Management by exception is the practice of focusing only on those things that went wrong, and not concerning yourself with what went well or according to plan.

And it’s a terrible leadership tool.

Yet, in organizations across the land, managers (not leaders) focus on the negative, the mistakes, and the errors, rarely reinforcing what went right or great. Or on the remarkable.

My daughter started playing Field Hockey for the first time this year as a Freshman in High School. While she’s played soccer for many years, this is a new sport with new equipment and new rules. So as you might guess, there’s plenty of room for mistakes.

A few days ago she scored her first goal. After the game, the coach could have taken the opportunity tell each player what she did wrong, focusing only on the errors.
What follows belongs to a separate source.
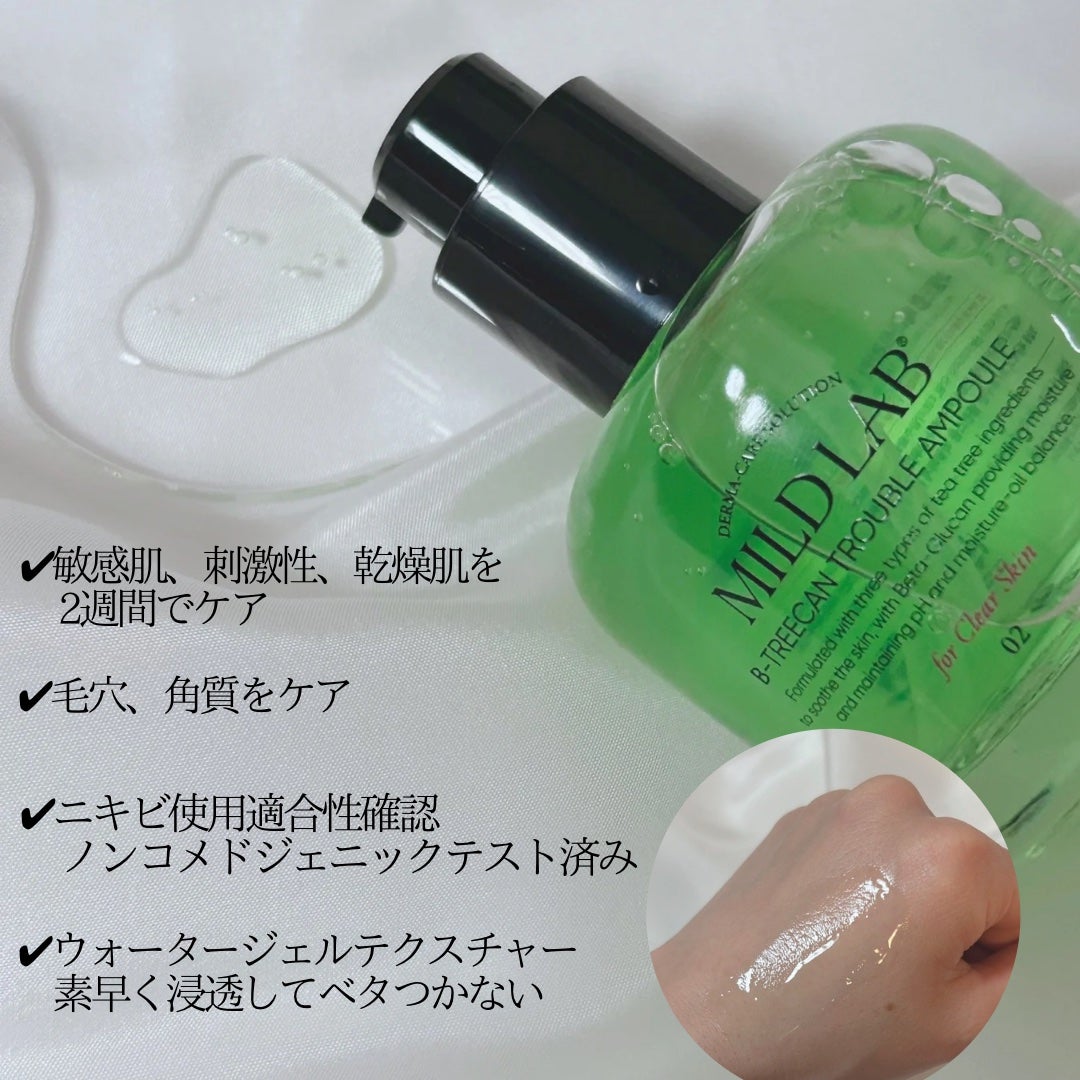 ベターツリカン肌荒れ美容液/Mildlab/美容液を使ったクチコミ(2枚目)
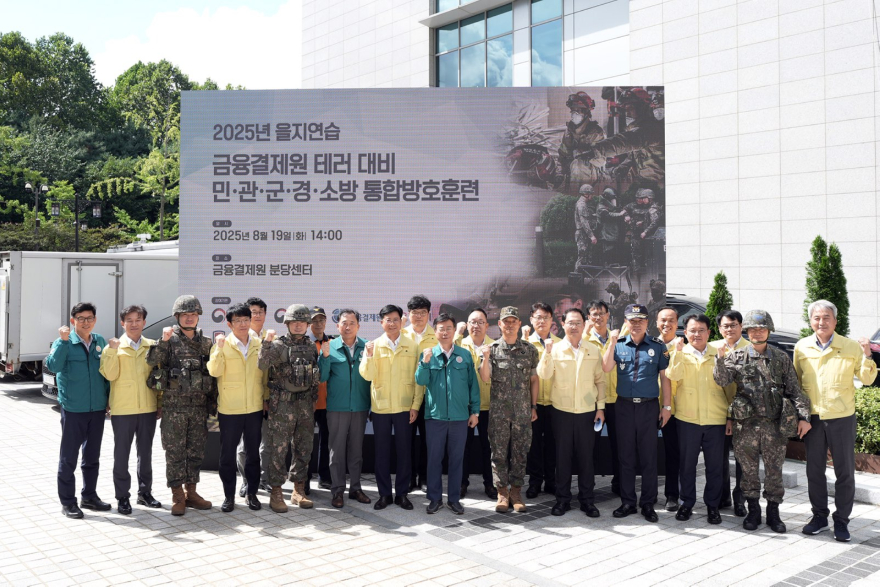 6. 신상진 성남시장이 국가중요시설 테러대비 통합대응훈련에 참석해 주요 기관장들과 기념촬영을 하고 있다.jpg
Instead, she gave out a small, sparkly sticker in the shape of a star for the girls who scored goals and told them to put the stickers on their hockey sticks. No mention of mistakes – just reinforcement of what went right and public recognition of an important achievement in the game – scoring goals.

With this little gesture, my daughter was on Cloud Nine. She skipped all the way to the car and told everyone of her accomplishment and the sticker that went along with it. In the process, other girls on the team resolved to get a sticker of their own. She posted it on Facebook and friends and family jumped in with congratulations.

Now, she wants more stickers. And to get them, she knows she must score more goals.

So the next time you feel the urge to be a Bitter Bart or Debbie Downer by nit-picking some small thing with your staff, think about the consequence. Will that really motivate her to do better? Sure, big mistakes should be addressed early and often. But we know the majority of these things are usually inconsequential and won’t matter in a week.

And please, let’s make this “management by exception” thing a thing of the past.

Have you ever been managed by exception? How did it make you feel?